La communauté congolaise banyamulenge a commémoré ce mercredi les 10 ans du massacre de Gatumba au cours duquel 160 banyamulenge congolais, réfugiés dans un camp au Burundi, furent tués. L’impunité reste totale aujourd’hui malgré les promesses.
La communauté congolaise banyamulenge a commémoré ce mercredi les 10 ans du massacre de Gatumba. Le 13 août 2004, des membres des Forces nationales de libération (FNL), un mouvement de burundais hutus, attaquent un camp où se sont réfugiés des banyamulenge congolais, des tutsis originaires du Sud-Kivu ayant fuit les combats en RDC, faisant 160 morts et une centaine de blessés.
Un massacre ethnique
Le caractère ethnique de ce crime n’est pas à prouver. « Les attaquants les ont pris pour cible en fonction de leur appartenance ethnique en tirant sur eux ou en les brûlant vifs, et épargnant les réfugiés d’autres ethnies ainsi que les Burundais vivant dans une autre partie du camp », rapporte l’ONG Human Rights Watch.

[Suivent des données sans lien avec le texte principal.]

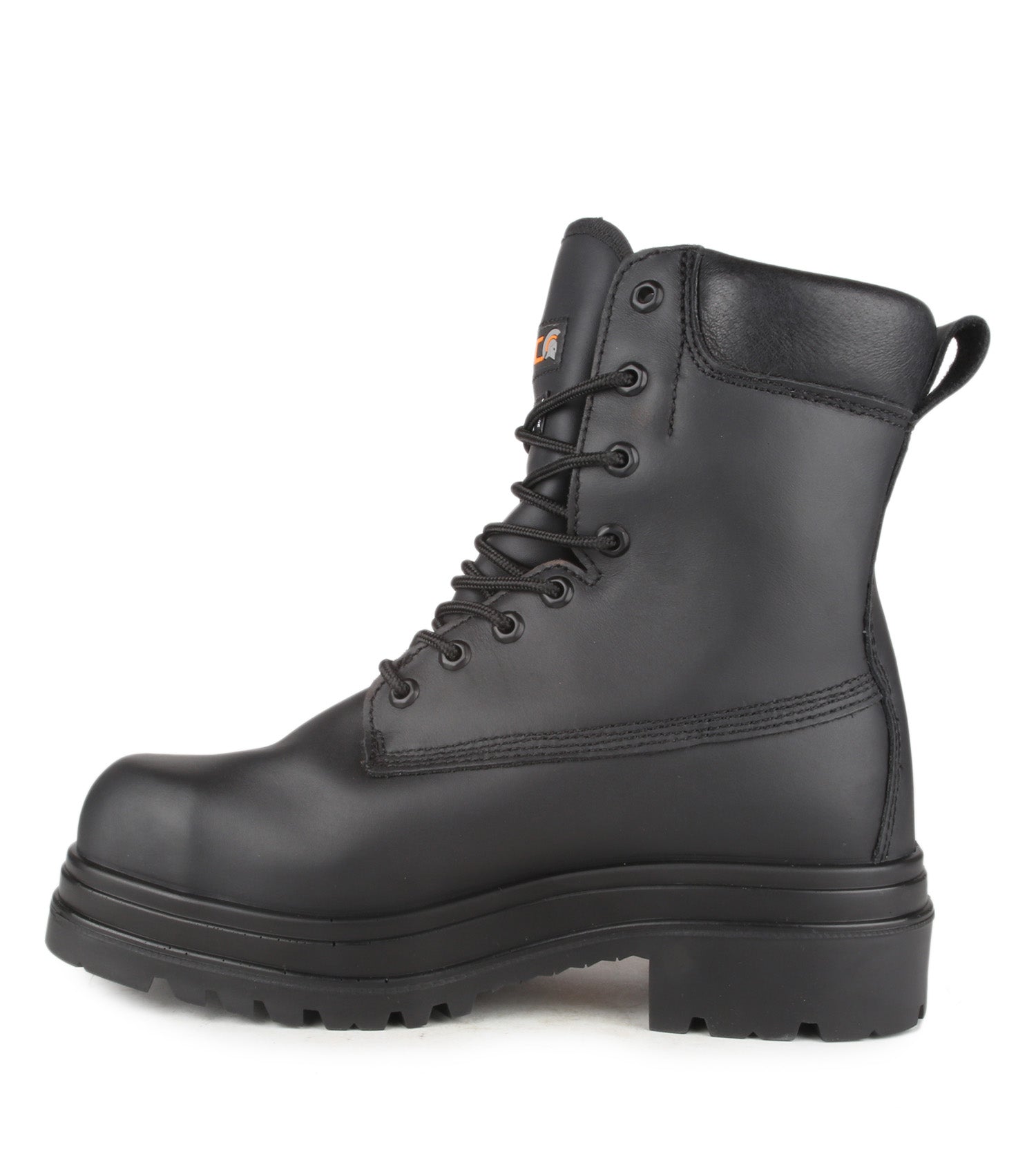 Alertz, Black | 8" Work Boots with Removable Zip Kit | Vibram TC4+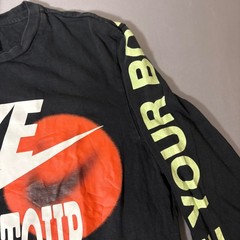 Nike Long Sleeve Shirt Mens Medium Black World Tour Graphic Move Your Body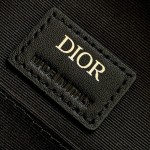 Dior Hit The Road Messenger Bag Black CD Diamond Canvas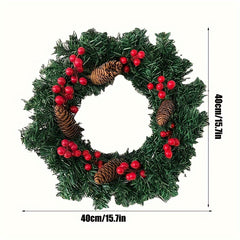 Pine Cone Red Fruit Garland Christmas Hanging Decorations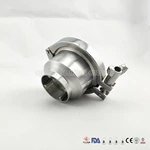 304 316L Stainless Steel Sanitary Non Return Welded Check Valve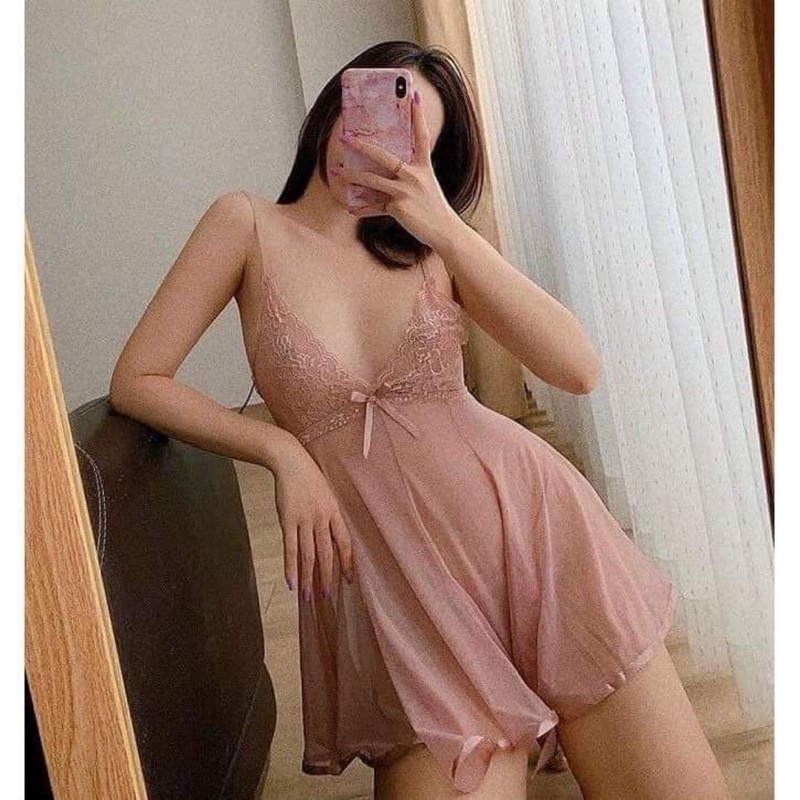 Bán sỉ _ Váy ngủ voan sexy cao cấp , đầm ngủ xuyên thấu sexy gơi cảm tặng kèm chip SP018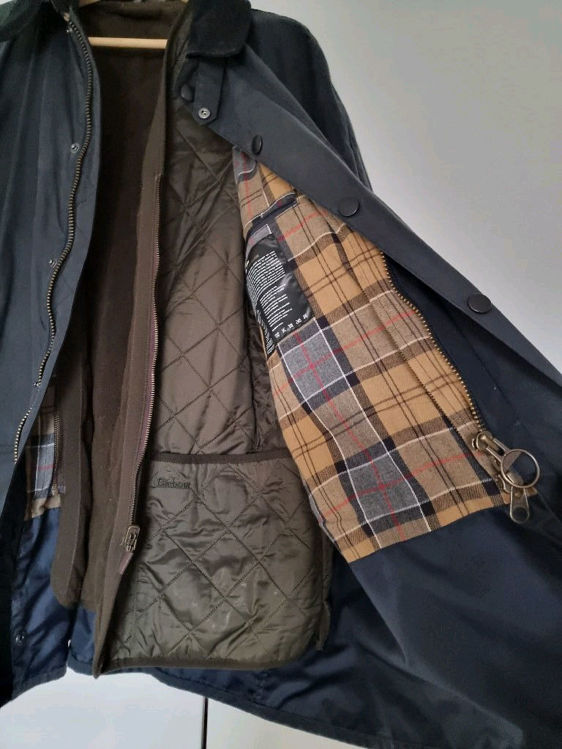 Billede af Barbour Bristol, oilskinsjakke med foret vest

Aucun responsable n’a encore été jugé. « Nous sommes abandonnés, même si nous continuons à demander justice », a indiqué à RFI un sénateur congolais issu de la communauté banyamulenge, Maître Moïse Nyarugabo. Il était présent ce mercredi sur les lieux du drame, réclamant inlassablement justice pour les disparus. « Aucune convocation, aucun interrogatoire, aucune arrestation. Ces criminels se promènent toujours sans être inquiétés », a expliqué l’avocat congolais.
« Le massacre de Gatumba était une attaque directe et délibérée contre des civils non armés », a affirmé le directeur de la division Afrique à Human Rights Watch, Daniel Bekele. « Les meurtres ont été bien documentés, et pourtant dix ans plus tard personne n’a encore été traduit en justice », a-t-il précisé.

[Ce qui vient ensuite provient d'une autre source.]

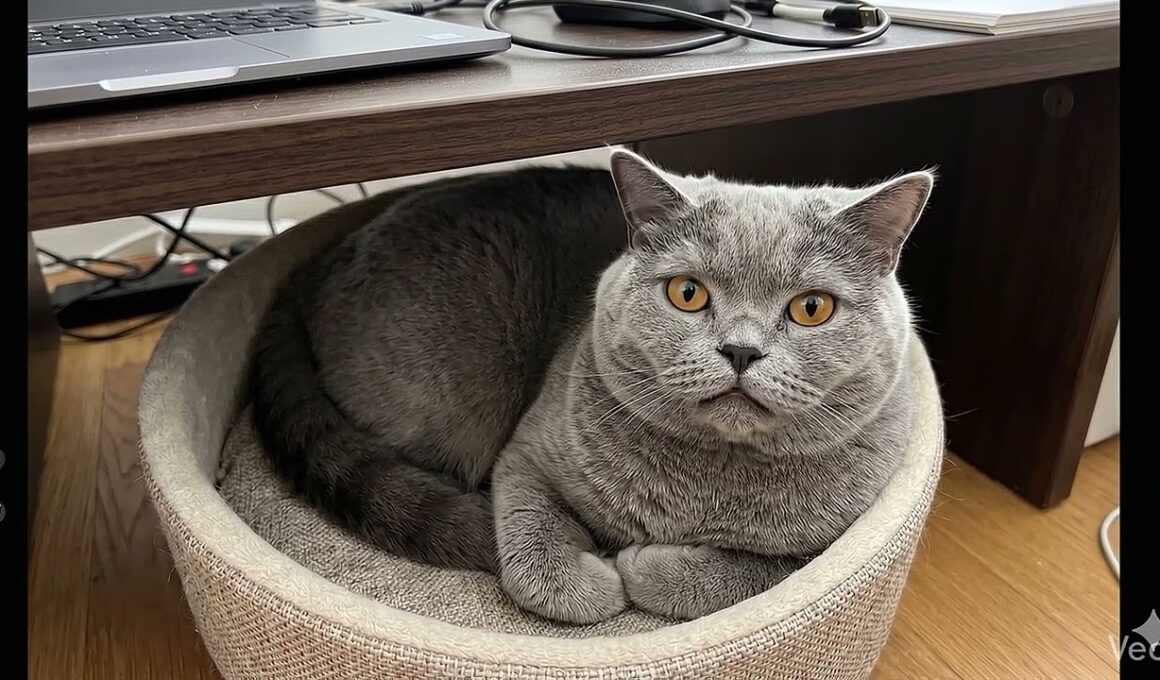 ★【本物&AI：寝ぼけ顔のMadam Dorothy】#AI猫動画 #BritishShorthair #ブリティッシュショートヘアー #モフモフ猫 #猫ビデオ #猫のいる暮らし #寝ぼけ眼の猫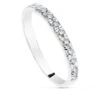 Sortija De Oro Blanco De 18k PM-20238-2 -FALOMIR Tienda de ventas sortija de oro blanco de 18k pm 14859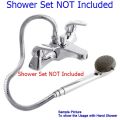 Muslim Shower Chain Pipe - Bath Hand Shower Steel Pipe  ( CP Chain ) - 1 Piece. 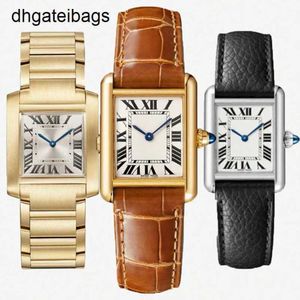 Carters horloge Zwitserse automatische horloges Luxe tank herenontwerper voor dames Heren lederen horloges quartz uurwerk vierkant roségoud dameshorloge frj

Les responsables sont connus
Le président de l’association de rescapés de Gatumba et survivant du massacre, Olivier Mandévou, a beau pointé les « les rapports produits par la MONUC, l’ONUB et la Commission des droits de l’Homme au sein des Nations unies », qui mettent tous en avant le rôle joué par les membres des Forces nationales de libération (FNL) et de leur leader, Agathon Rwasa, rien n’y fait. Les FNL eux-mêmes avaient revendiqué la responsabilité de l’attaque au lendemain du massacre quand leur porte-parole à l’époque, le Pasteur Habimana, l’avait justifié à la radio en déclarant que des combattants étaient réfugiés dans ce camp où circulait beaucoup d’armes. Il s’était rétracté quelques années plus tard.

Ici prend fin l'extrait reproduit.